Vai indo que eu não vou
"Vai indo que eu não vou" pode, perfeitamente, ser uma expressão de troca de gentileza entre os motoristas da cidade de São Paulo. Pode, por outro lado, provocar ainda mais a ira dos habitantes dessa grande cidade que, em 2009, tinha mais de 11 milhões de moradores e mais de 6 milhões de carros, numa proporção de mais de um carro a cada 2 moradores. "Vai indo" indica que eu desejo que você se mova, se locomova, se adiante a mim no caminho. "Que eu não vou" significa dizer que ninguém vai, ainda que eu e você desejemos avançar.
É assim: nas duas últimas semanas, depois de quase quatro anos afastado do insano tráfego da cidade de São Paulo pelo singelo motivo de trabalhar em casa, tenho saído de carro quase todos os dias nos mais diferentes horários. Claro que não me passa desapercebido o quanto o trânsito em São Paulo fica, ano a ano, mais caótico. Mas a minha percepção não foi ampla o suficiente para a realidade que encontrei: não teve dia ou hora em que eu não ficasse parado, com raiva e, por fim, frustrado por não conseguir fazer metade do que havia programado exclusivamente em função dos congestionamentos da cidade.
Entre 2001 e 2009, ou seja, em apenas oito anos, a frota de veículos na cidade de São Paulo aumentou quase 50%: foi de pouco mais de 4,1 milhões de veículos para 6 milhões de carros. A essa ampliação, obviamente, não correspondeu, de forma alguma, a expansão das artérias urbanas da cidade. São Paulo não comporta mais ruas ou extensas avenidas. O que está feito, está feito. E as velhas soluções de viadutos e recortes de ruas ou avenidas, claramente, não têm sido suficientes para mudar esse cenário.
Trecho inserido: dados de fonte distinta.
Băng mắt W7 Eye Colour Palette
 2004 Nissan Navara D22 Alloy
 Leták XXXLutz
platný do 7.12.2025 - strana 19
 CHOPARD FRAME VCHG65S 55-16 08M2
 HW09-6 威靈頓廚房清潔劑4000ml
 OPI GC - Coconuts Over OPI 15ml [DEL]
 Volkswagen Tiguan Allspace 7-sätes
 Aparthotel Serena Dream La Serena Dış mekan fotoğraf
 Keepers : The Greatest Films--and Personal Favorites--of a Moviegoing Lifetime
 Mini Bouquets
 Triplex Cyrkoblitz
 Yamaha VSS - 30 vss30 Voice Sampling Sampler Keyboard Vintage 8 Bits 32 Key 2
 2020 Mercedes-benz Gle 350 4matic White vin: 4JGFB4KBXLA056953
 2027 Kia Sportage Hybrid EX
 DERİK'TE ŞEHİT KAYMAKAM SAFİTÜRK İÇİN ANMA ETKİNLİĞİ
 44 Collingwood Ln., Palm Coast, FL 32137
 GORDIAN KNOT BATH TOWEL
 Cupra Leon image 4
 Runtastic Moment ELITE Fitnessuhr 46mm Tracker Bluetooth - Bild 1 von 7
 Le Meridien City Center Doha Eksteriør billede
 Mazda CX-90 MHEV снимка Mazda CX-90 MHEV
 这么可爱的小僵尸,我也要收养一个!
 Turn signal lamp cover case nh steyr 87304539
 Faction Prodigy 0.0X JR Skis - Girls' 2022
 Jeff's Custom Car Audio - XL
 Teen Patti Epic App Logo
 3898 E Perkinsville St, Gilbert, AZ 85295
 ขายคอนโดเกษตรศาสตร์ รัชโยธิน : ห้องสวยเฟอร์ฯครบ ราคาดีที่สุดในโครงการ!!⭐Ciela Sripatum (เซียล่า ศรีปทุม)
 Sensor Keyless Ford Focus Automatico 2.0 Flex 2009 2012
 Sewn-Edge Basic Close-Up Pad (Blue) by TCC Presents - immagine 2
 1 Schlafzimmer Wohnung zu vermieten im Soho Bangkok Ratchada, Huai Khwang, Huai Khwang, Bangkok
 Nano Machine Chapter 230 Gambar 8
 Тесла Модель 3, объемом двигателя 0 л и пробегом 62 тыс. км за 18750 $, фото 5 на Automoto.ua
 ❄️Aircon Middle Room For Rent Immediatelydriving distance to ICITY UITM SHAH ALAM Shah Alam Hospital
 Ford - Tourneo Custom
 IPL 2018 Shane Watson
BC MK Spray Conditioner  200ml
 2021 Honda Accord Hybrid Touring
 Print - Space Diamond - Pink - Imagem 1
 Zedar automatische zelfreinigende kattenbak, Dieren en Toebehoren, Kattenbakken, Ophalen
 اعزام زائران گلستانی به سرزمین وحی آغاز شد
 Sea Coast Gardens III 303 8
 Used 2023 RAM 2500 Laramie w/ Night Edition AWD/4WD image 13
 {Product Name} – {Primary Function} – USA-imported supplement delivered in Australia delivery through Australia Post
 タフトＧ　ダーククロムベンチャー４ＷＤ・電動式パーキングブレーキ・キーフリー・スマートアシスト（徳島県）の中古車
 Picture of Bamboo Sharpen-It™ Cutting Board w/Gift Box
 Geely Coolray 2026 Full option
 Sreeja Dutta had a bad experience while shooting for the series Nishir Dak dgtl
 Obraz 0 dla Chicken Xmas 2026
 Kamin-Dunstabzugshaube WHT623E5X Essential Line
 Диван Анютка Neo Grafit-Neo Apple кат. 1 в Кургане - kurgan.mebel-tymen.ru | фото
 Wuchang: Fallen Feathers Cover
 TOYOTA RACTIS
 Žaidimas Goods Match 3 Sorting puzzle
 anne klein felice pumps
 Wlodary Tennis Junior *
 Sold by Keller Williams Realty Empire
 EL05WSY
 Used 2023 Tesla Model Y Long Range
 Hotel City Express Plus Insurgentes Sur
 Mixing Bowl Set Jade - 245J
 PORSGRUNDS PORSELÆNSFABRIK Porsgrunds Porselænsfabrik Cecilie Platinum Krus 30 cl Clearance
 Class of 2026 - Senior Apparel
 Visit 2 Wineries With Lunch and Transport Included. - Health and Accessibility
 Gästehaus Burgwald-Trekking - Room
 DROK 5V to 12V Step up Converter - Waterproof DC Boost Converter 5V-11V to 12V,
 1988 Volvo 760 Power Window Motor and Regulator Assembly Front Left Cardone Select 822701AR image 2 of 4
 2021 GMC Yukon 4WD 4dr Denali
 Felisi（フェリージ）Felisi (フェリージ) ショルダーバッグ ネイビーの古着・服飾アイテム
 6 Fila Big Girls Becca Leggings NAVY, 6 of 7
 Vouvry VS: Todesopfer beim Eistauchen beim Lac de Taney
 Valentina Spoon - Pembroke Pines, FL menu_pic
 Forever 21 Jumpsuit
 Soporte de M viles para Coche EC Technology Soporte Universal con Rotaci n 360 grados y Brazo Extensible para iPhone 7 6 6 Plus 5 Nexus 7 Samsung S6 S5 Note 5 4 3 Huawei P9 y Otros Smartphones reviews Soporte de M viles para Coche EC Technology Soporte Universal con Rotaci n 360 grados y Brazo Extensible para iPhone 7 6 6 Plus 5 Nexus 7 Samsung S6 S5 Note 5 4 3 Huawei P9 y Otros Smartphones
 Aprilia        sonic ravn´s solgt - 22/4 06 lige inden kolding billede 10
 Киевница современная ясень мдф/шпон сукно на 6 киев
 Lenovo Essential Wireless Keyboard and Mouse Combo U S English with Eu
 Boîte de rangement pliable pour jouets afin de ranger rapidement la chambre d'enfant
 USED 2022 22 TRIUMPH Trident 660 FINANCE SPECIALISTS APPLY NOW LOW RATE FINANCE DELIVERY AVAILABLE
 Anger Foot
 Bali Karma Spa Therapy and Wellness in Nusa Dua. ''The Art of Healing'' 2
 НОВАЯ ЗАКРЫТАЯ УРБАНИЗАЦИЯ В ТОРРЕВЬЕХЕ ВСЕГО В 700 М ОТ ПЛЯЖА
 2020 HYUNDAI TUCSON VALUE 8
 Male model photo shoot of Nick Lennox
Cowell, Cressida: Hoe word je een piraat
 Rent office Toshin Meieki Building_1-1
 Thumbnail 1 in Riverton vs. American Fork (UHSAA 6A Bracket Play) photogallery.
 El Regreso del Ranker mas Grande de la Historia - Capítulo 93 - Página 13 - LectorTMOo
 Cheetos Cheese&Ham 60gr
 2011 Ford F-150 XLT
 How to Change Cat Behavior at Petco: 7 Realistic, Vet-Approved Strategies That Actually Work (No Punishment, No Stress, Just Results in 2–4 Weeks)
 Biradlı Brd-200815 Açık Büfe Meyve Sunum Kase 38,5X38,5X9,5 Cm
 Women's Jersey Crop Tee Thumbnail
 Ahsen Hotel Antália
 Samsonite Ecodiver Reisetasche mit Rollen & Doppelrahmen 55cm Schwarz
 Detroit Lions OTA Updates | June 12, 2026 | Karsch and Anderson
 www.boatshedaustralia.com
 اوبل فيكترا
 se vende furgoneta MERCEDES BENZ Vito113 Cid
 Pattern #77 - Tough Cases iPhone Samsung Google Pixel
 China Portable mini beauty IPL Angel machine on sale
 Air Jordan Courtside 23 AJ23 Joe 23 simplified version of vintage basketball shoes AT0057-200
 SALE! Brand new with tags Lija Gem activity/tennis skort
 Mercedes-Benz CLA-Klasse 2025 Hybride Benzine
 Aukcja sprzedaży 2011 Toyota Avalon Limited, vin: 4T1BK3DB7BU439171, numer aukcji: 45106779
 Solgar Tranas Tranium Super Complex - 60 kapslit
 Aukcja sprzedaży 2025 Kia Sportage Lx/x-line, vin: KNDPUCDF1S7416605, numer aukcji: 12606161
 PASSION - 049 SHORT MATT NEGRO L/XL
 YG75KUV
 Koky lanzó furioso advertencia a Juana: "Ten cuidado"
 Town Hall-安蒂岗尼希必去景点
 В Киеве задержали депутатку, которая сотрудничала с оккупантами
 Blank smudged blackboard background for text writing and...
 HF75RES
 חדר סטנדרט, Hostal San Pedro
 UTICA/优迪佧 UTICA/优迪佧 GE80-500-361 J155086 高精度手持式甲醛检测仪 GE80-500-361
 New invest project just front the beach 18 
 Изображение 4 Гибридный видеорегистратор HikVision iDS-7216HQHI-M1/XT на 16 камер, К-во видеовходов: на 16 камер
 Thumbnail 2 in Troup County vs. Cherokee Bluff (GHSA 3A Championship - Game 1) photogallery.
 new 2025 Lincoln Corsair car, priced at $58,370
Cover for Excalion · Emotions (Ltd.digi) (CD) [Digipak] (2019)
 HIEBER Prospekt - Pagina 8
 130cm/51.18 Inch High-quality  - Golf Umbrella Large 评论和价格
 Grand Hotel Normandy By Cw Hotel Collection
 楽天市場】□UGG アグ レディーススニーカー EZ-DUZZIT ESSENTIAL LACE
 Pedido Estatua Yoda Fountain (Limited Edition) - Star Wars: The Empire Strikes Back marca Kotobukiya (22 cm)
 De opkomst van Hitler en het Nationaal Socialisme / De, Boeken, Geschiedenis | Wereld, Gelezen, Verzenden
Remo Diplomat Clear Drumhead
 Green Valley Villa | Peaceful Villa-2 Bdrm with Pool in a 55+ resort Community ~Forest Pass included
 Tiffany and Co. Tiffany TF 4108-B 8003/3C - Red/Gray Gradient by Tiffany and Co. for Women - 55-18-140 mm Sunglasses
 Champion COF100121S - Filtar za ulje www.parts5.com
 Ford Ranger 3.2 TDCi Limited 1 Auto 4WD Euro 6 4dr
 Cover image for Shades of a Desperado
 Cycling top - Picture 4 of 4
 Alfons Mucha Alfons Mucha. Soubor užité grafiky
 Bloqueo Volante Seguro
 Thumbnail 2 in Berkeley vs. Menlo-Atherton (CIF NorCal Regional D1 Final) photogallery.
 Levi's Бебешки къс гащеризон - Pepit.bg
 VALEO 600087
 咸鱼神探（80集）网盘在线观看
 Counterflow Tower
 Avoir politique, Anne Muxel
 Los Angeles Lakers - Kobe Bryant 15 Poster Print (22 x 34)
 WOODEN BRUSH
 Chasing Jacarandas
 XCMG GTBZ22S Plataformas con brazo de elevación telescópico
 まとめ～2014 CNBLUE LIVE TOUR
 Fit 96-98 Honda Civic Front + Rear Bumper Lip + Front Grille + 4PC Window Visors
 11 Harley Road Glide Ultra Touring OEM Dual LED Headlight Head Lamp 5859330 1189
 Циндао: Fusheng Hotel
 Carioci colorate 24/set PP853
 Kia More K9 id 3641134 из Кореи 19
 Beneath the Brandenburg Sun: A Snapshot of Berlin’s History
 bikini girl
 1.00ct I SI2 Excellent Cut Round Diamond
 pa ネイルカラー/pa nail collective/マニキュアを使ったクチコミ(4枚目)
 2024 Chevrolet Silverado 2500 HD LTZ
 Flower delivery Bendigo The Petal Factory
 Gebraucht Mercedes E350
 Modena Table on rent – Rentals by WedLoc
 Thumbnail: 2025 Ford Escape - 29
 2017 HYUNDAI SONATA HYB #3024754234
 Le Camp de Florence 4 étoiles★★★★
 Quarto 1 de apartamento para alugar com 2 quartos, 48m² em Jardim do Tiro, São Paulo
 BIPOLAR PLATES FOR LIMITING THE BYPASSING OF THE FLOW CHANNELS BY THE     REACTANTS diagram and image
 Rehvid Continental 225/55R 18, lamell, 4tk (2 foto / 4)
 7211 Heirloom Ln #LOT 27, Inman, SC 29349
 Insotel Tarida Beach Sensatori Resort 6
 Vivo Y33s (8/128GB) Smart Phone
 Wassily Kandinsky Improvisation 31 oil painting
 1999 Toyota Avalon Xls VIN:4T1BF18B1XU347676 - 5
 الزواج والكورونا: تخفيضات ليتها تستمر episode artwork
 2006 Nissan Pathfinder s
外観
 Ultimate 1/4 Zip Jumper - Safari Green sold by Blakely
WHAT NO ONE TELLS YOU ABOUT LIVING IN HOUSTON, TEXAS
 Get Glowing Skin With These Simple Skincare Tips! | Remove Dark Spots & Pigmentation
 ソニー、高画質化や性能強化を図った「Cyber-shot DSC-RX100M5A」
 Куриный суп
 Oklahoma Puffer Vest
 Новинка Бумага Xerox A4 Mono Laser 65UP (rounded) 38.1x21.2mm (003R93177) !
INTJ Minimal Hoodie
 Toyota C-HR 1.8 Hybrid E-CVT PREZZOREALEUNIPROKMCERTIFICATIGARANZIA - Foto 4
Está em fase de inauguração o chamado "anel viário" que ligará, feito um círculo, as principais vias de acesso a São Paulo, tanto de estradas federais, quanto interestaduais e estaduais. Os especialistas e defensores dessa obra defendem que, ao tirar os veículos pesados de circulação no perímetro urbano de São Paulo (esses veículos serão proibidos de trafegar dentro dos limites do município), o trânsito responderá imediatamente e nos sentiremos, todos, desafogados. Não acredito nisso.
Nos dois primeiros meses deste ano, foram vendidos, no Brasil, quase 400 mil veículos, um aumento de cerca de 10% em relação ao mesmo período do ano passado. A cidade de São Paulo foi castigada, este ano, por 44 dias ininterruptos de chuva, o que contribuiu para sucessivas quebras de records de congestionamento: 111 Km, 156 Km, 189 Km, 211 Km, 217 Km. No ano passado, houve um record histórico: 293 Km de congestionamento das vidas da cidade, no mês de junho.
O transporte coletivo, primeira alternativa ao veículo próprio, no entanto, não é uma alternativa: minha faxineira, que vem uma vez por semana, gasta, algumas vezes, 4 horas para se locomover do Jardim São Luís até o Jardim Paulista (distantes cerca de 20 Km). Quer dizer, ela consegue se mover 5 Km/hora! Se conseguisse caminhar essa distância a pé, faria o mesmo percurso em pouco mais de 6 horas (a uma velocidade média de 3 Km/hora, que é a medida normal de caminhada). Sim, demoraria mais mas, certamente, seria mais saudável, já que a cada 15 minutos de caminhada, uma pessoa pode queimar até 35 calorias. Não, não sou um déspota para sugerir que ela deveria vir a pé. Somente quero dizer que, ao passo (sem trocadilhos) que um ônibus avança 5 Km/hora, uma pessoa avança 3 Km/hora. Se viesse a cavalo (velocidade média de 12 Km/hora), ela chegaria em menos de 2 horas!!!
Aposentemos, pois, os carros de São Paulo e vamos a cavalo, todos. Faremos cavalgadas de Apolos e Amazonas, sem pressa. Transformemos as imensas vias congestionadas em prados verdes, em caminhos recobertos de natureza. Deixemos de abastecer os tanques de nossos carros com potência de "X" cavalos para alimentar nossos cavalos com grama que servirá, também, para que a pisemos com pés descalços. Ou vamos nos desejar cada vez mais em intervalos menores: "vai indo que eu não vou" sem que ambos saiamos do lugar.